THE MORNING AFTER
SPORADIC GUNFIRE CEASED. The Jordanian soldiers who remained in the Old City surrendered or else slipped into civilian clothes. Paratroopers patrolled the empty market and the Arab neighborhoods outside the walls. Arab men were randomly detained, but most were soon released. A doctor from the 55th Brigade helped an Arab woman give birth.
The Arab population—close to 70,000 people, 25 percent of the population of reunited Jerusalem—was under curfew, at the mercy of an unknown enemy. From many windows hung pieces of white cloth, improvised flags of surrender.
What would they have done to us and our families, paratroopers said to each other, if they had won the war?
IN DAZED JOY, thousands of Jews headed for the Western Wall. Simply walking several hundred meters across the city’s border seemed to defy a law of nature. Not all the mines had been cleared, and one man lost a leg; but nothing could stop the crowds.

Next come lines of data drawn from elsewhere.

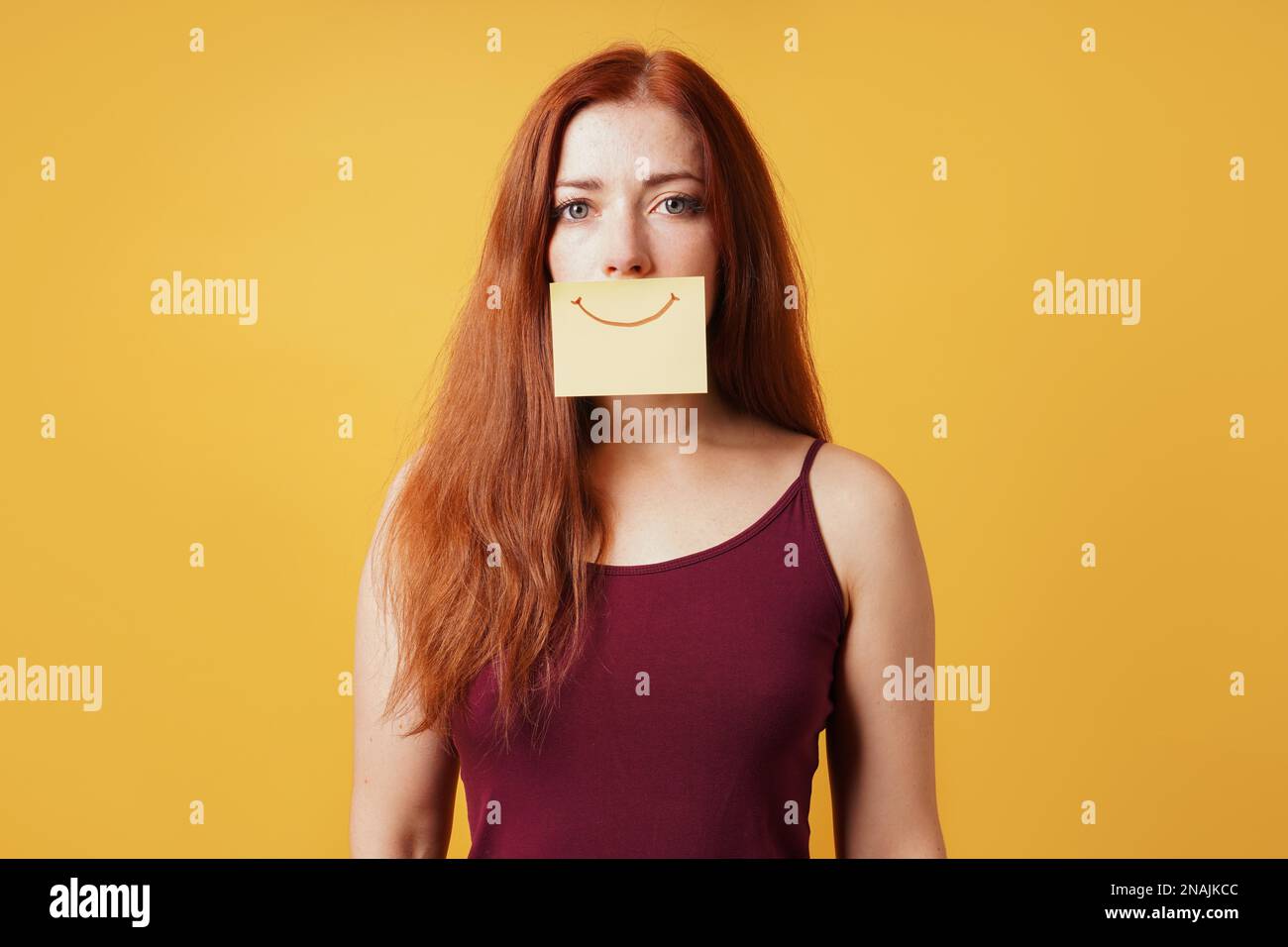 Junge Frau versteckt Traurigkeit oder Depression hinter gefälschten Lächeln gezeichnet Auf gelbem Haftnotizpapier Stockfoto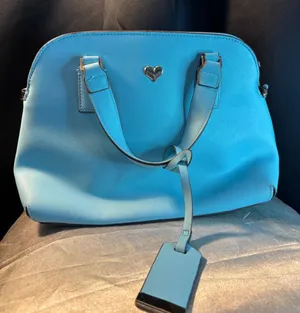 Blue Saffiano Dome Satchel Bag with Gold Heart Detail and Striped Lining thumbnail 1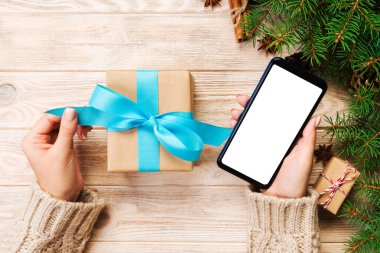 Noel hediye kutusu kaydırma ve telefon masajla mavi şerit kahverengi ahşap masa üzerinde okuma eller basılı tutun. Üstten görünüm.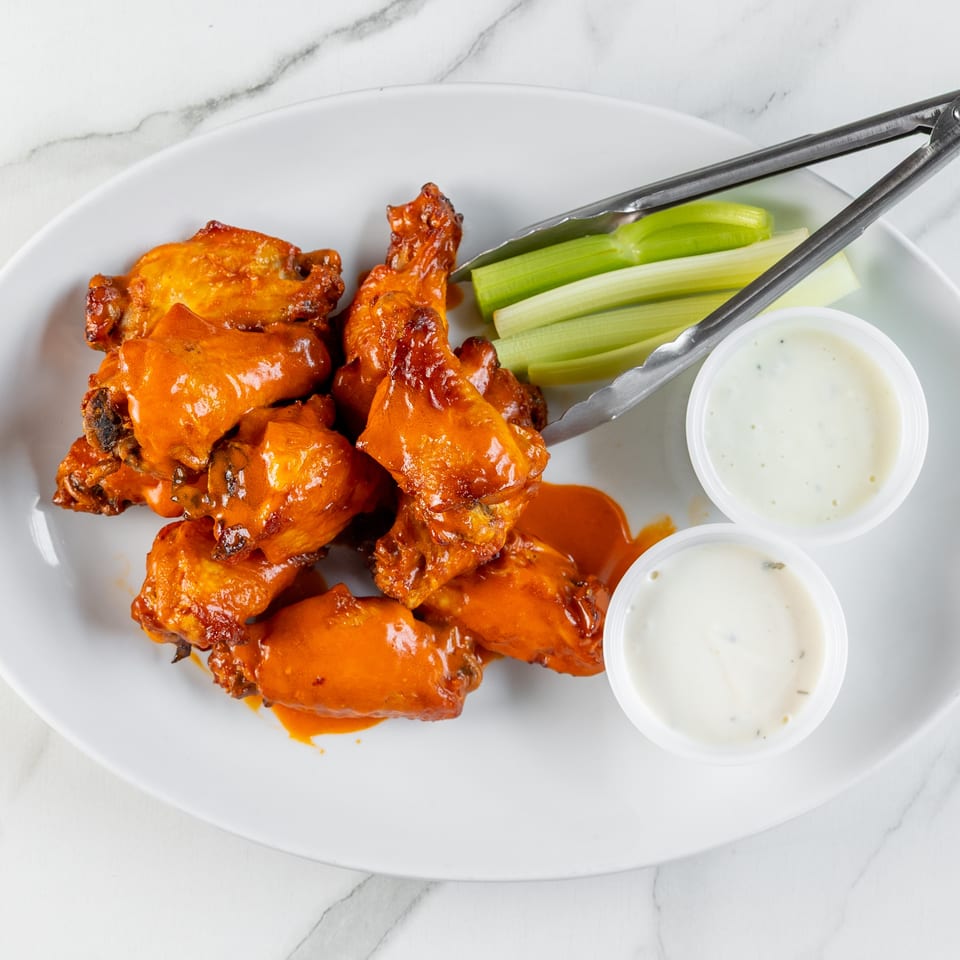 Plate of saucy buffalo wings, celery sticks, two dipping sauces, and tongs on a white marble surface.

Meir Ariel watched them moving toward the Wall. “People of Israel!” he called out to no one in particular. “Now you can enter the Old City. But before you came here, a hail of lead entered the bodies of my friends.”
An ultra-Orthodox Jew at the Wall told Yoske Balagan, “We prayed the whole time for you.”
“Thank you very much,” replied Yoske. “But I’m more grateful to the IDF, which equipped me with an Uzi.”
A REPORTER FOR the Yiddish radio station circulated among the paratroopers, asking if anyone spoke mama loshen, the mother tongue. Yoske directed him to Aryeh Weiner, the kibbutznik from Netzer Sereni who had come alone to Israel on a refugee boat at age twelve. Weiner had just placed a note in a crack between the stones, which contained this prayer: “I hope I win the lottery.”
“How did you get here?” the reporter asked him.
“We parachuted into the Old City,” Weiner lied, unable to speak straight-faced in Yiddish.
Weiner’s version was transmitted to the Yiddish-speaking world: The paratroopers had descended onto the Holy City like angels.
SOME ISRAELIS CAME TO LOOT. They smashed windows and pried open the shutters of shops on Salah a-Din Street, just outside the Old City walls, filling their cars with groceries and clothes. Paratroopers found themselves patrolling to thwart not only Arab attacks but Israeli plundering. “Jerusalem of gold?” one paratrooper shouted at looters. “Jerusalem of shit!”
Among themselves, paratroopers argued the moral gradations of looting. Was it permitted to take food from a grocery if you intended to eat it immediately, but not permitted to hoard? Could one take cheap tourist memorabilia, like postcards, but not electronic goods? One paratrooper argued: Why should civilians loot when we who fought get nothing? Another paratrooper, who had helped himself to food in a shuttered Arab grocery, searched for the owner to pay him.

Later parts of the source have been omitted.